EXERCISE AIM: In the data below, find each line carrying the string "Kids" and copy it out.

ENTRIES SUPPLIED:
- Opening Delimiter -

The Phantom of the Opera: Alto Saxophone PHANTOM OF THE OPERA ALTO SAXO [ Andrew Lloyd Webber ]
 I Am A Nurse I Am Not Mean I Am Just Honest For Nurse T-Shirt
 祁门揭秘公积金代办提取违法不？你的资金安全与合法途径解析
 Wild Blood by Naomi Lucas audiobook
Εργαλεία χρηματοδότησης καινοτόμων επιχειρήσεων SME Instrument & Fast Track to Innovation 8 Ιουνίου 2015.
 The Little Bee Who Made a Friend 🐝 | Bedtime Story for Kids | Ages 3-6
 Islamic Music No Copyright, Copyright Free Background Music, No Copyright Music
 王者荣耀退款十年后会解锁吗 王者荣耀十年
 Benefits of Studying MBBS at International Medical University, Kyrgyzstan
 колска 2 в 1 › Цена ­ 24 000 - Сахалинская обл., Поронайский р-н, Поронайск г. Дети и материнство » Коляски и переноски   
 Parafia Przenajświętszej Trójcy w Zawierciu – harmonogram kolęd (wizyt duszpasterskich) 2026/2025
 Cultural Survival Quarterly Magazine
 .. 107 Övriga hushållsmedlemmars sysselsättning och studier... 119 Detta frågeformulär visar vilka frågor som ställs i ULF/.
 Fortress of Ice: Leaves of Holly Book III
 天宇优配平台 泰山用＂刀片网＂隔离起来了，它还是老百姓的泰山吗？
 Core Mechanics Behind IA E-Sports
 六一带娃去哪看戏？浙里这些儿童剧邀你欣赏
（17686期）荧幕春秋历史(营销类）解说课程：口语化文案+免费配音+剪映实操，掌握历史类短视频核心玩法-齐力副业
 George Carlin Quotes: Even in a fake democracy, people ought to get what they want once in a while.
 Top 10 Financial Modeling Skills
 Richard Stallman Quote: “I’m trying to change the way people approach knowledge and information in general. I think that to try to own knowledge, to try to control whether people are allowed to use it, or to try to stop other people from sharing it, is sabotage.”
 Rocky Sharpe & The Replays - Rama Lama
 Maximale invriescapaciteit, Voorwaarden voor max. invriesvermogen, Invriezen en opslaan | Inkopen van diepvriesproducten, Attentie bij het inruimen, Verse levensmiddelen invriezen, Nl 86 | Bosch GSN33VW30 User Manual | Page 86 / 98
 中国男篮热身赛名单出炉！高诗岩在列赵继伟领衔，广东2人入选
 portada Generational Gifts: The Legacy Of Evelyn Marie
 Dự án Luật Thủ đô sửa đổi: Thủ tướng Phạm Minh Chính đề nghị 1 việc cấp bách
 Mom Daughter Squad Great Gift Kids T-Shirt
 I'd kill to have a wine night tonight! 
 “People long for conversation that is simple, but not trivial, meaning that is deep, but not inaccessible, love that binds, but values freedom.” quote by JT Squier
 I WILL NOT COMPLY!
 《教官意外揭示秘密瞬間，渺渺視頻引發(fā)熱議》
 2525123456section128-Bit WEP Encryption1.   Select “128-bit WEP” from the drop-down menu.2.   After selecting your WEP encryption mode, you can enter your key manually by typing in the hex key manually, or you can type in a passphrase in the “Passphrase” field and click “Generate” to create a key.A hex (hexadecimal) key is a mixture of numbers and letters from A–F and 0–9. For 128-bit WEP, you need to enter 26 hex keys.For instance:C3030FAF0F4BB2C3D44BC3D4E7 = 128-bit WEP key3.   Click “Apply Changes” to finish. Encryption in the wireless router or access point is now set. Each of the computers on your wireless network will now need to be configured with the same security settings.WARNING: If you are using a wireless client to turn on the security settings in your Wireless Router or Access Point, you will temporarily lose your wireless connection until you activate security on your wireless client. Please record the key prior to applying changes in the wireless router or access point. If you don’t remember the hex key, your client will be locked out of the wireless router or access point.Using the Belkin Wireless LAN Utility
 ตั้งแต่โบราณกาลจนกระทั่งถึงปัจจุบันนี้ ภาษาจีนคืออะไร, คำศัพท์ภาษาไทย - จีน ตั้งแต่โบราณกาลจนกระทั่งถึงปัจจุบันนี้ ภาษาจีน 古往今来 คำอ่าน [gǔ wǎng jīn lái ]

- Closing Delimiter -

TASK RESULT:
 The Little Bee Who Made a Friend 🐝 | Bedtime Story for Kids | Ages 3-6
 Mom Daughter Squad Great Gift Kids T-Shirt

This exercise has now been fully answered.